Собственно, с этого момента и началась распродажа музеев. На прилавках вдруг появились подержанные, не очень старые мебель и картины, фарфор и хрусталь, бронза и гравюры. Появились одежда и обувь вышедших из моды фасонов, но все же привлекательные. Одним сдовом, все то, что до февраля 1917 года являлось предметами повседневного обихода… в императорских дворцах. Служило и семьям Николая II, великих князей, и многочисленному штату их слуг, лакеев.
Продажа из фондов императорских дворцов столь поразила современников, что послужила сюжетом для двух и поныне популярных произведений.
«В этом году в Зимнем дворце разное царское барахлишко продавалось. Музейный фонд, что ли, этим торговал…»
Так начинал Михаил Зощенко рассказ «Царские сапоги», написанный и опубликованный в 1927 году.
О том же идет речь и в до сих пор остающемся бестселлером романе Ильи Ильфа и Евгения Петрова «Двенадцать стульев», увидевшем свет в 1928 году. В нем основной поворот сюжета связан с тем, что стулья Кисы Воробьянинова, временно оказавшиеся в Музее мебели (отнюдь не фантазия автора, а реальный музей, существовавший в Москве, в Нескучном дворце до 1928 года), попадают на аукцион, где и идут с молотка как «дворцовая мебель».

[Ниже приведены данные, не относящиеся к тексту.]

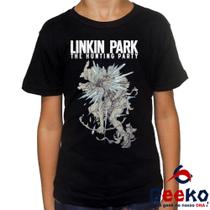 Camiseta Infantil Linkin Park 100% Algodão The Hunting Party Rock Geeko
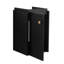 Lavabo de salle de bain mural, 12 po pour petite salle de bain, châtaignier noir, porte à fermeture en douceur, montage en contreplaqué, fabrication avec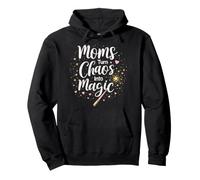 Empowering Moms Strong Mothers Inspiring Genitorialità Viaggio Felpa con Cappuccio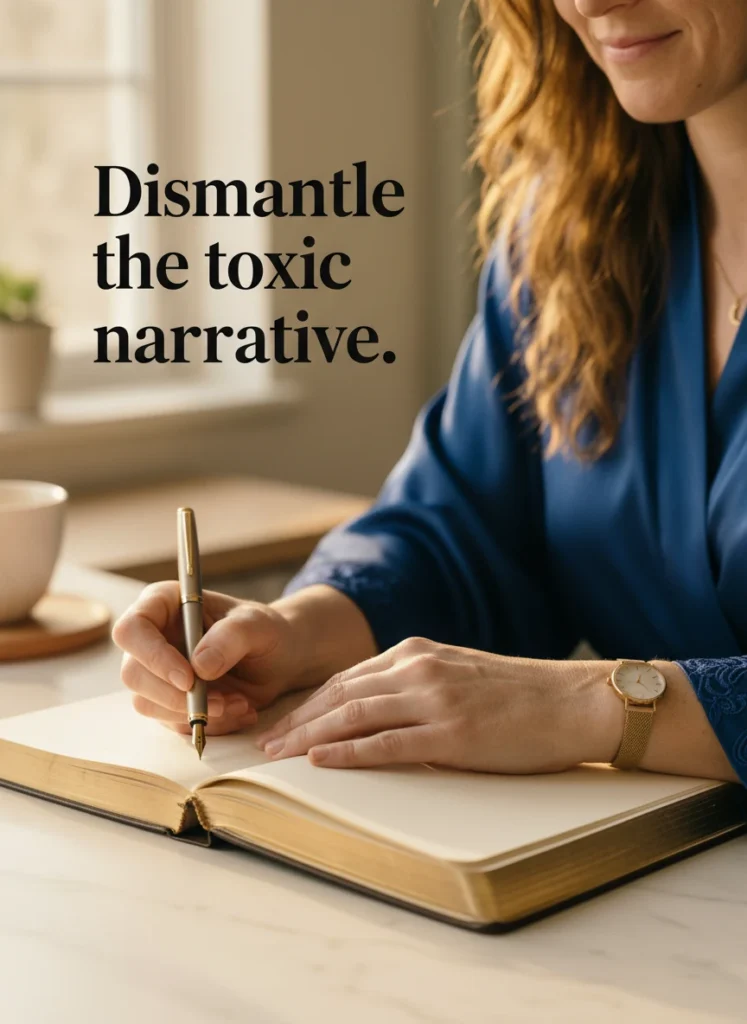 Journaling exercises to dismantle the comparison trap.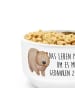 Mr. & Mrs. Panda salatschälchen Wombat mit Spruch in Weiß
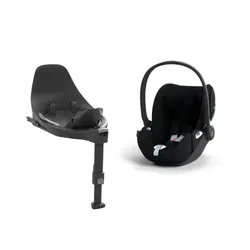 Cybex Cloud T i-Size PLUS Babyskydd inkl. bas - Sepia Black | Bilbarnstolar | BabyMode
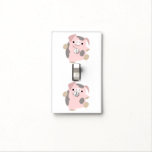 Cute Cartoon Dancing Pig Light Switch Cover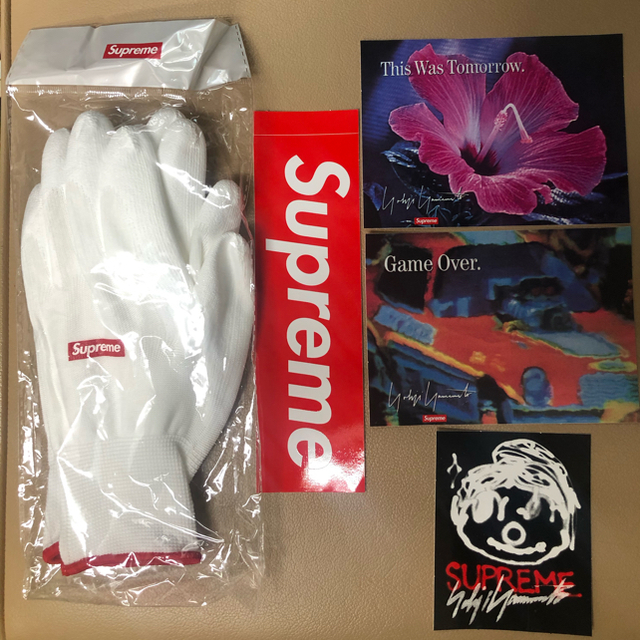 Supreme(シュプリーム)のsupreme sticker set ノベルティ ハンドメイドの文具/ステーショナリー(しおり/ステッカー)の商品写真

Однако в открытую продажу — для всех, за рубли — шли действительно не представлявшие никакого значения вещи. Самая заурядная посуда, мебель, одежда, вещи, которых тогда столь остро не хватало, ибо отечественная промышленность их и в то время не выпускала в достаточном количестве. Лучшее же из запасников, действительно имевшее художественную значимость, интересное для любителей искусства предназначалось иностранцам, которые готовы были платить.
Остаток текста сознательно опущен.